Солдат снова невесело усмехнулся и продолжал разглядывать пол.
— Генриетта, — сказал Лавенди, — сядь рядом с Никой, зачем ты стоишь? Садитесь, mademoiselle, прошу вас.
— Я очень сожалею, что вы нездоровы, — сказала Ноэль и снова опустилась на стул.
Художник стоял, прислонившись к стене, а жена смотрела на его высокую худую фигуру глазами, в которых были гнев и какое-то лукавство.
— Мой муж великий художник, не правда ли? — сказала она, обращаясь к Ноэль. — Вы даже не можете себе представить, что способен сделать этот человек. И как он пишет — весь день! И всю ночь это не выходит у него из головы. Значит, вы не позволите ему писать себя?
— Voyons, Henriette, — нетерпеливо сказал художник. — Causez d'autre chose [24].
Его жена нервно затеребила складку на красном халате и посмотрела на него так, как смотрит на хозяина собака, которую только что оттрепали за уши.
— Я здесь как пленница, mademoiselle. Я никогда не выхожу из дома. Так и живу день за днем — мой муж ведь все время пишет. Да и как я могу ходить одна под этим вашим серым небом, окруженная всей этой ненавистью, которую война запечатлела на каждом лице? Я предпочитаю сидеть в своей комнате. Мой муж уходит рисовать, его интересует каждое лицо, которое он видит, но только не то, что он видит каждый день. Да, я пленница. Monsieur Барра первый гость у нас за долгое время.
Солдат поднял голову.
— Prisonniere, madame? [25] A что сказали бы вы, если бы побывали там? — Он снова тяжело усмехнулся. — Мы пленники, вот кто! Что бы вы сказали, если бы побывали в другом плену — в окопах, где кругом рвутся снаряды, день и ночь ни минуты отдыха! Бум! Бум! Бум! О, эти окопы! Нет, там не так свободно, как вы думаете.

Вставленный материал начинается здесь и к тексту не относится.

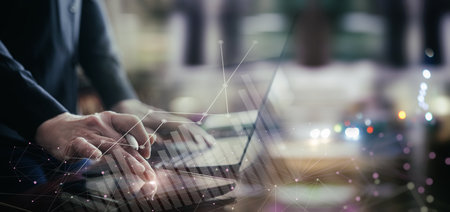 Businessman working online on mobile computer with financial markets in blurred background.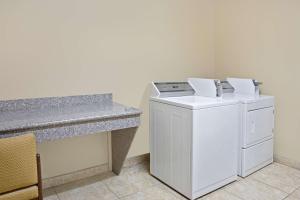 a washer and dryer in a room with a counter at Super 8 by Wyndham Intercontinental Houston TX in Humble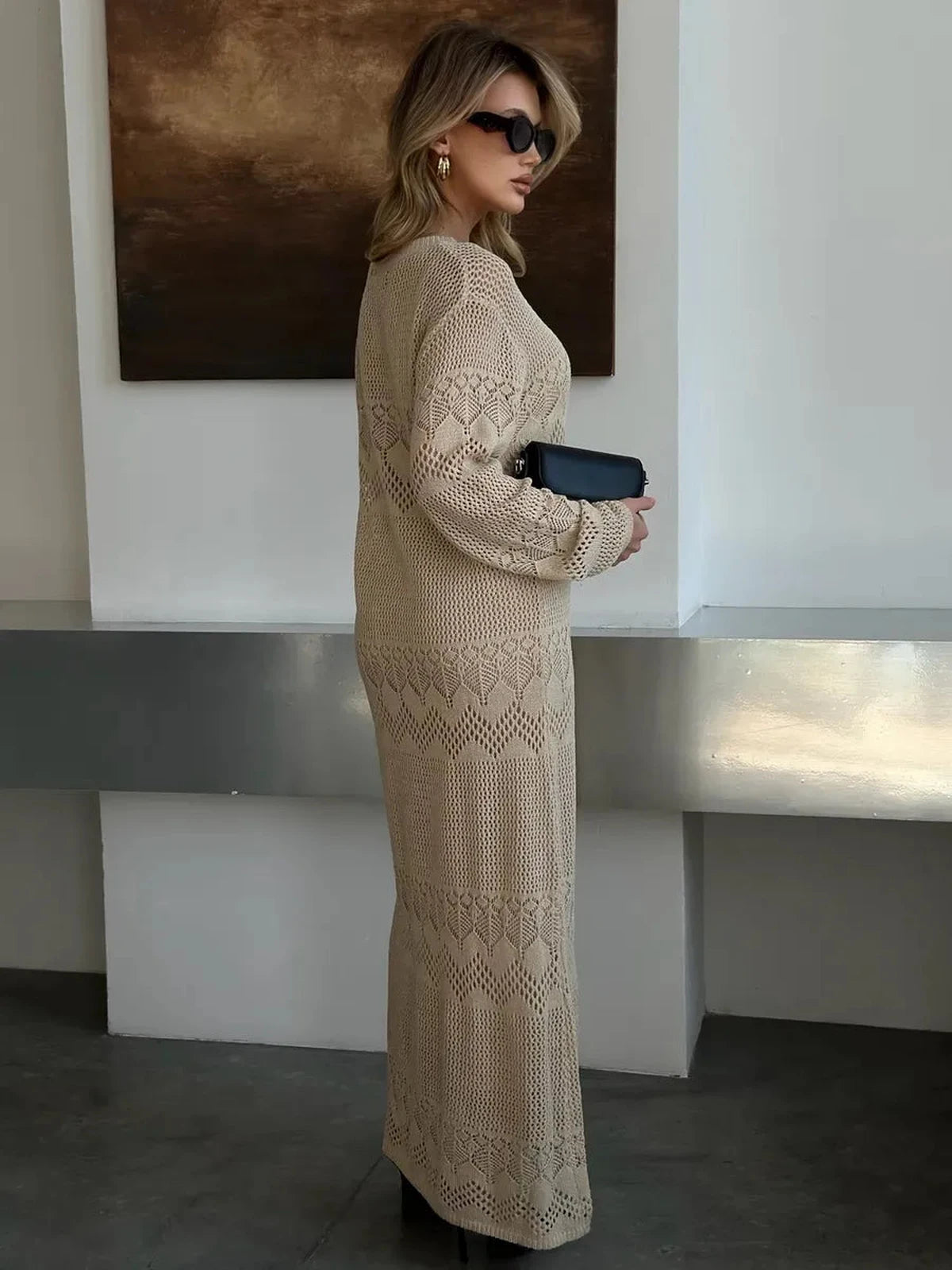 Model wearing the Verona Maxi Dress by Lauven, showcasing its elegant beige crochet knit design.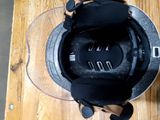 a helmet that is sitting on a wooden table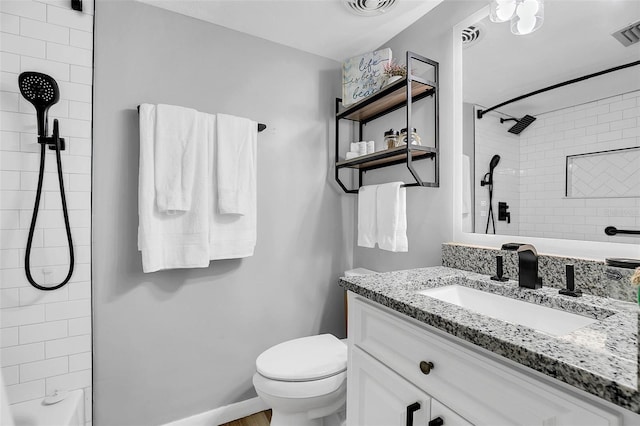 bathroom with vanity, toilet, and tiled shower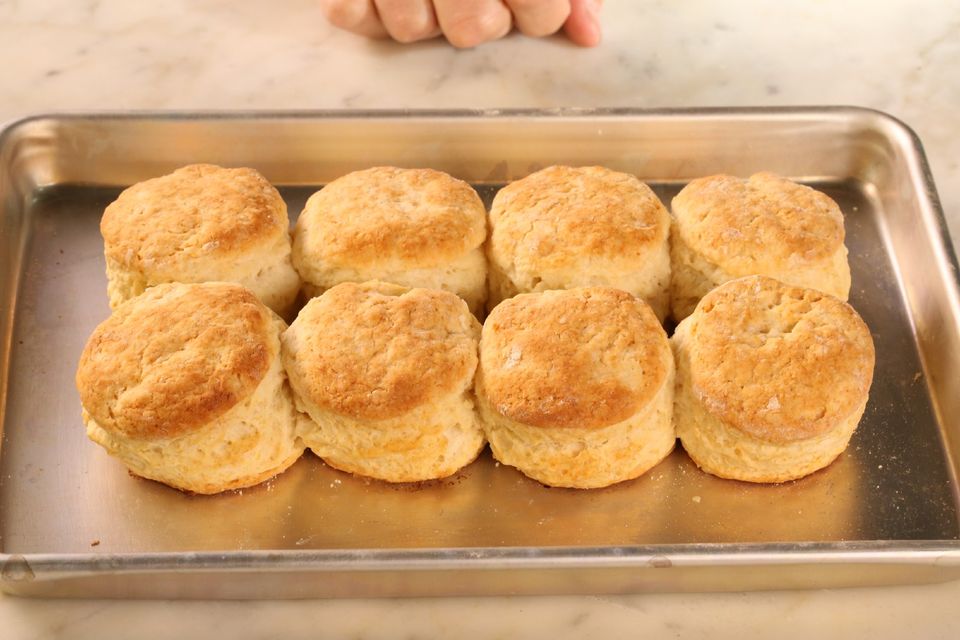 Eight biscuits on a baking tray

— Всякий из нас в каком-то плену, — сказал с горечью Лавенди. — Даже mademoiselle, и маленькая Чика, и даже ее кукла. У всякого своя тюрьма, Барра. Monsieur Барра — тоже художник, mademoiselle.
— Moi? [26] — сказал Барра, подымая тяжелую волосатую руку. Я рисую грязь, осветительные ракеты, остовы лошадей… Я рисую ямы, воронки и воронки, проволоку, проволоку и проволоку, и воду — бесконечную мутную отвратительную воду. Я рисую осколки и обнаженные людские души, и мертвые людские тела, и кошмары, кошмары — целые дни и целые ночи я рисую их мысленно, в голове! — Он вдруг замолчал и снова уставился на ковер, подперев щетинистые щеки кулаками. — У них души белы как снег, у les camarades [27], — добавил он вдруг очень громко. — Миллионы бельгийцев, англичан, французов, даже немцев — у всех белые души. Я рисую эти души!

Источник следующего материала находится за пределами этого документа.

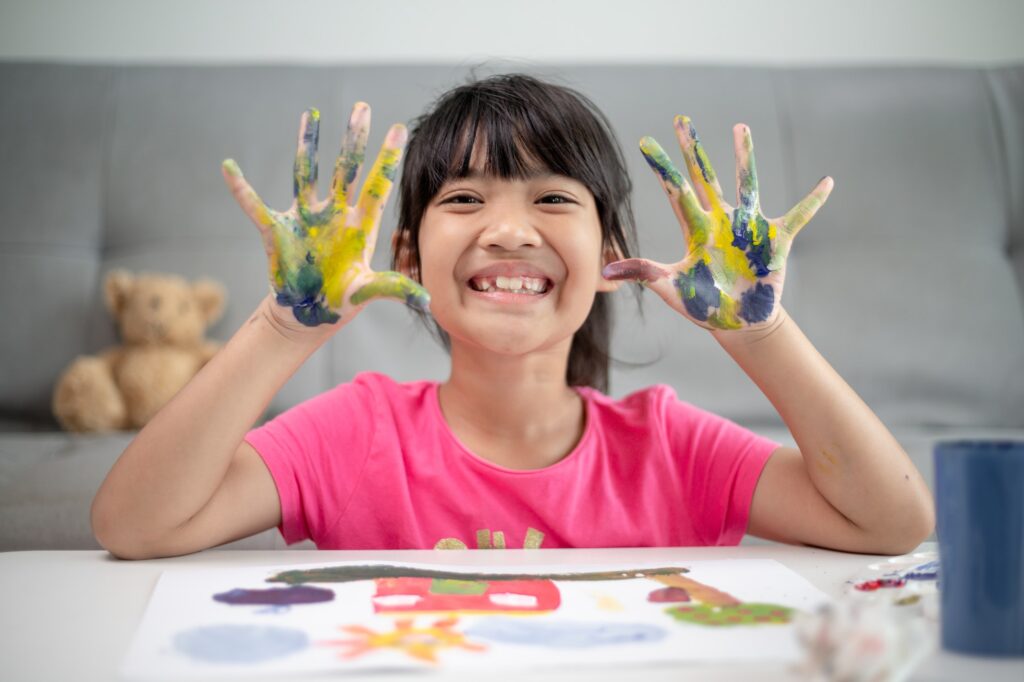 education, school, art and painitng concept - little student girl showing painted hands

Ноэль бросило в дрожь, и она умоляюще посмотрела на Лавенди.
— Барра — большой художник, — сказал он так, словно солдата здесь и не было, — но он был на фронте, и это подействовало ему на голову. То, что он говорит, — правда. Там нет ненависти. Ненависть — здесь, и все мы в плену у нее, mademoiselle; остерегайтесь ненавистников — это яд!

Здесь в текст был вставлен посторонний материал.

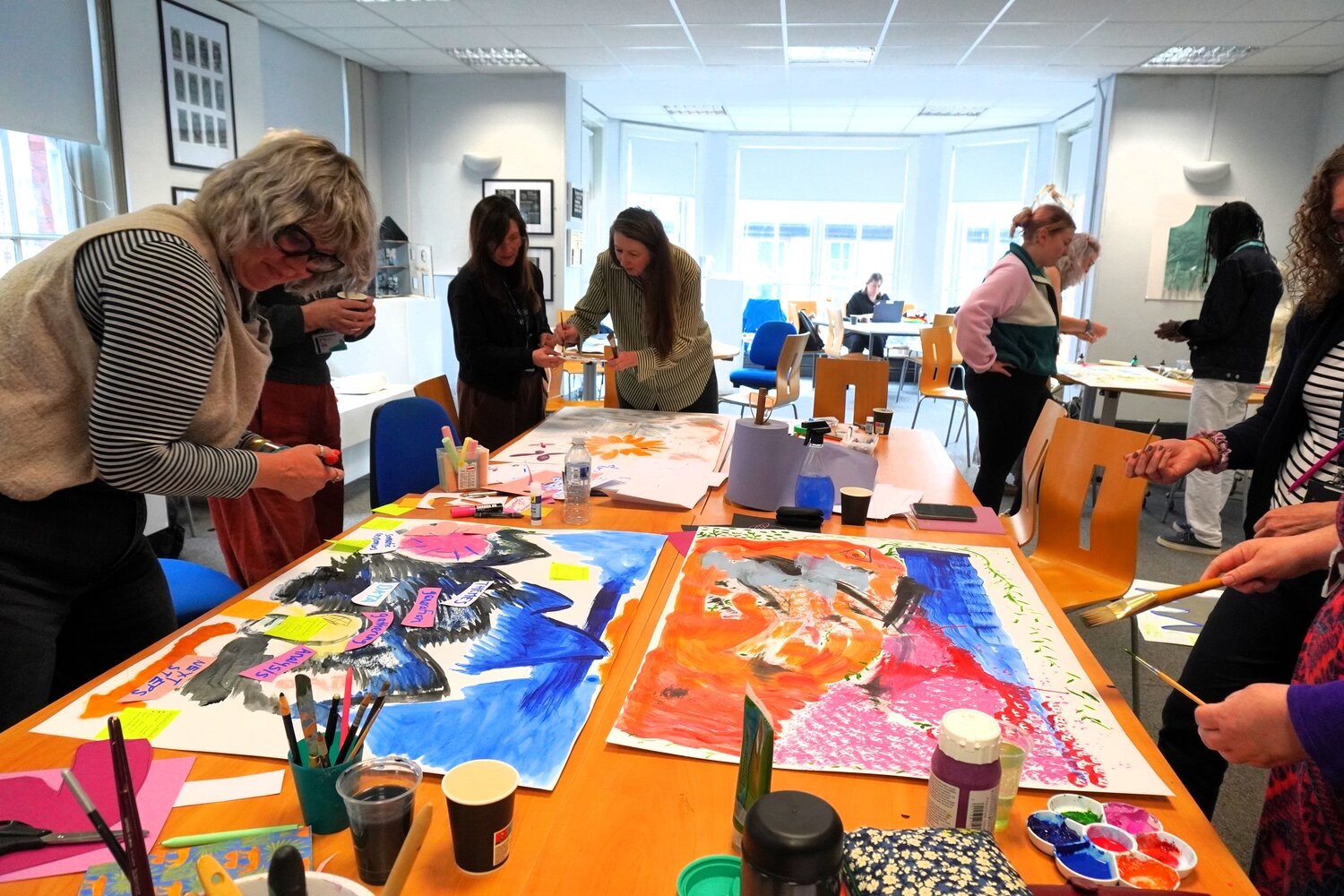 people painting and drawing around a big table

Его жена протянула руку и коснулась плеча девочки.
— А почему бы нам не ненавидеть? — спросила она. — Кто убил отца Чики? Кто разнес ее дом в куски? Кто выгнал ее в эту страшную Англию? Pardon, mademoiselle [28], но она действительно страшна. Ah, les Boches! [29] Если бы моя ненависть могла их уничтожить, их не осталось бы ни одного. Даже муж не сходил так с ума по своей живописи, когда мы жили дома. А здесь… — Она снова метнула взгляд на мужа, потом испуганно отвела глаза. Ноэль видела, что губы художника дрогнули. Больная женщина затрепетала.
— Это мания, твоя живопись! — Она посмотрела на Ноэль с улыбкой. — Не хотите ли чаю, mademoiselle? Monsieur Барра, чашку чая?
Солдат сказал хрипло:
— Нет, madame; в траншеях у нас достаточно чая. Это нас утешает. Но когда мы выбираемся из траншей — давайте нам вина! Le bon vin, le bon petit vin! [30]
— Принеси нам вина, Пьер.
Ноэль видела по лицу художника, что вина нет, и скорее всего, нет и денег, чтобы купить его; но он быстро вышел. Она поднялась и сказала:
— Мне пора уходить, madame.
Мадам Лавенди подалась вперед и обняла ее за талию.
— Погодите немного, mademoiselle. Мы выпьем вина, а потом Пьер вас проводит. Вам ведь нельзя идти одной — вы такая красивая. Правда, она красивая, monsieur Барра?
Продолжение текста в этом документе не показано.